**EXTRACTED DATA**:
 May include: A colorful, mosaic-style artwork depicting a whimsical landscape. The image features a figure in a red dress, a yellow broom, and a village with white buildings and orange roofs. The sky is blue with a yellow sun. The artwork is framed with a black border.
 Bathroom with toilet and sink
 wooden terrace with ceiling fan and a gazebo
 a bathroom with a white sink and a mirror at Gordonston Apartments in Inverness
...
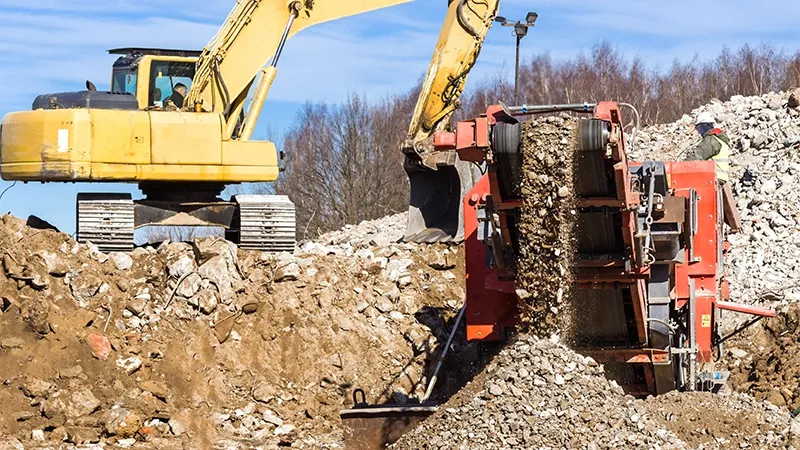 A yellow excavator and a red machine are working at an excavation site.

**WHAT THE TASK REQUIRES**: Scan the preceding listing for the string "with" and copy every line where it occurs.

**SOLUTION**:
 May include: A colorful, mosaic-style artwork depicting a whimsical landscape. The image features a figure in a red dress, a yellow broom, and a village with white buildings and orange roofs. The sky is blue with a yellow sun. The artwork is framed with a black border.
 Bathroom with toilet and sink
 wooden terrace with ceiling fan and a gazebo
 a bathroom with a white sink and a mirror at Gordonston Apartments in Inverness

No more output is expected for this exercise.